Have You Fallen Prey to The Costco Effect?

Have you ever walked into a store planning to buy just one or two things and walked out an hour later with a whole shopping cart full of stuff? It's called "the Costco effect" and it's a masterful psychological journey that many of us never even notice.
The Costco Effect is one of many neuroscience secrets that influence our behavior as consumers. The Costco Effect begins the moment you walk into the store. Even if you have a list and you know exactly where to find every item on that list, Costco has a plan for your shopping experience. Costco greets you with electronics and jewelry- their highest price merchandise. Most of us don't have a big screen television or diamond ring on our shopping lists. That really doesn't matter. Just walking by that section, our brains are unconsciously primed with the high-priced items making that $29 can of peanuts seem like... well, peanuts in comparison. It's a classic example of the anchor effect which is a close cousin of the decoy effect - another powerful influence on consumer decision making.
Of the hundreds of things you can buy at Costco — from bulk snacks to electronics to pool toys and underwear — the most effect Costco Effect strategies of all time is the rotisserie chicken. Costco sold more than 106 million birds last year alone and have refused to increase the $4.99 bargain price by even $1 since 2009. What is more puzzling is that the company loses an average of $35 million a year on this single product.
As the name implies, a loss leader is supermarket-speak for a product sold below its market value to attract customers to the store. They don't mind losing money on the chicken because they know that to get to it, you have to pass by a million other things you didn't know you needed and drop into the cart. The most frequented, sought-after items are hidden in the furthest corners so you have to traverse the entire store to find them.
And have you ever noticed that there are some product lines with very limited choices? How is it possible that a huge warehouse of food only carries 2 kinds of pickles compared to a grocery store with an entire section - top shelf to bottom - with endless varieties and brands? Poor merchandising? Just the opposite. This is the Paradox of Choice at work. Above a certain number of options, choices no longer liberate us but debilitate us. The less choice you have, the more quickly you are likely to decide and be happy with that decision.
Another aspect of the Costco effect is when you see a good deal, suddenly you need it.

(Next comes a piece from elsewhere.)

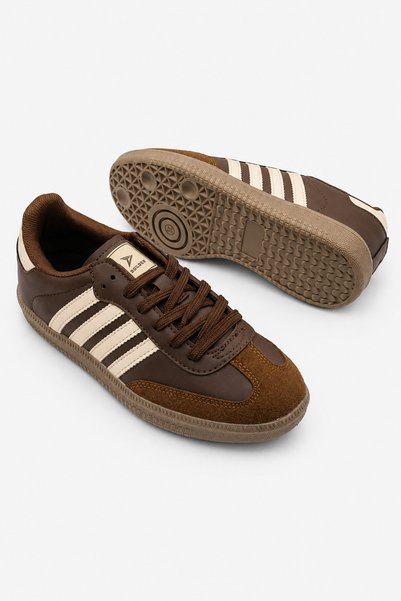 Beınsteps Sneaker Unisex Women's Men's Model Light Sole Brown Beige Casual Sports Shoes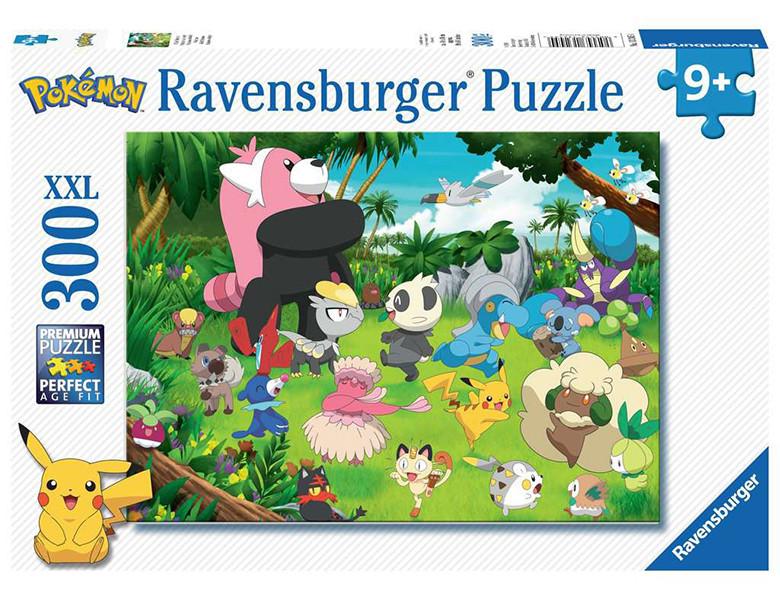 Ravensburger  Puzzle Wilde Pokémon (300XXL)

A minute before you saw it, you didn't need it at all. Also, the next time you come, that amazing (fill in the blank) might not be there so you better grab it now. Humans have a strong tendency to pay attention to what other people want.  We assume things that things other people want are valuable and valuable things are scarce.The impulsivity of the social proof and the  scarcity bias frequently kicks in when we think product is in short supply and we might miss a great deal unless we buy it now.
Unconscious Priming
To be fair, Costco isn't the only culprit. Many stores and restaurants use an assortment of psychological tricks, or priming, to get you to spend more money than you planned. Whole Foods leads the pack in consumer priming. What do you see first when you walk into the store? Fresh cut flowers. Advertisers call this an example of “symbolics” or unconscious suggestions. In this case, Whole Foods wants us to know the store is bursting with freshness.
The way the produce is displayed in wooden crates and baskets is folksy and homey - like you just missed Farmer Al dropping off his freshly picked cukes and maters. And have you wondered who gets to hand chalk all of those signs? (Here's a hint - it's not chalk and they aren't handwritten; it's paint and they are mass produced in a factory.)
And the misters that keep certain vegetables glistening? It's not to keep them fresh; it's so you and I associate them with freshness and purity. Ironically, that constant water supply actually reduces the shelf life of the veggies.
All of these psychological tricks are examples of priming. Malcolm Gladwell, author of the bestselling book Blink: The Power of Thinking Without Thinking, described priming this way:
"What we think of as freewill is largely an illusion: much of the time, we are simply operating on automatic pilot, and the way we think and act—and how well we think and act on the spur of the moment—are a lot more susceptible to outside influences than we realize."